Where are we with calibration under dataset shift in image classification?
Journal:
arXiv
Published Date:
Jul 10, 2025
Abstract
We conduct an extensive study on the state of calibration under real-world
dataset shift for image classification. Our work provides important insights on
the choice of post-hoc and in-training calibration techniques, and yields
practical guidelines for all practitioners interested in robust calibration
under shift. We compare various post-hoc calibration methods, and their
interactions with common in-training calibration strategies (e.g., label
smoothing), across a wide range of natural shifts, on eight different
classification tasks across several imaging domains. We find that: (i)
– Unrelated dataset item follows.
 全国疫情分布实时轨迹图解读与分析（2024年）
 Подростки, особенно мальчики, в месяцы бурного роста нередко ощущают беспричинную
simultaneously applying entropy regularisation and label smoothing yield the
best calibrated raw probabilities under dataset shift, (ii) post-hoc
calibrators exposed to a small amount of semantic out-of-distribution data
(unrelated to the task) are most robust under shift, (iii) recent calibration
methods specifically aimed at increasing calibration under shifts do not
necessarily offer significant improvements over simpler post-hoc calibration
methods, (iv) improving calibration under shifts often comes at the cost of
worsening in-distribution calibration. Importantly, these findings hold for
randomly initialised classifiers, as well as for those finetuned from
foundation models, the latter being consistently better calibrated compared to
models trained from scratch. Finally, we conduct an in-depth analysis of
ensembling effects, finding that (i) applying calibration prior to ensembling
(instead of after) is more effective for calibration under shifts, (ii) for
ensembles, OOD exposure deteriorates the ID-shifted calibration trade-off,
(iii) ensembling remains one of the most effective methods to improve
calibration robustness and, combined with finetuning from foundation models,
yields best calibration results overall.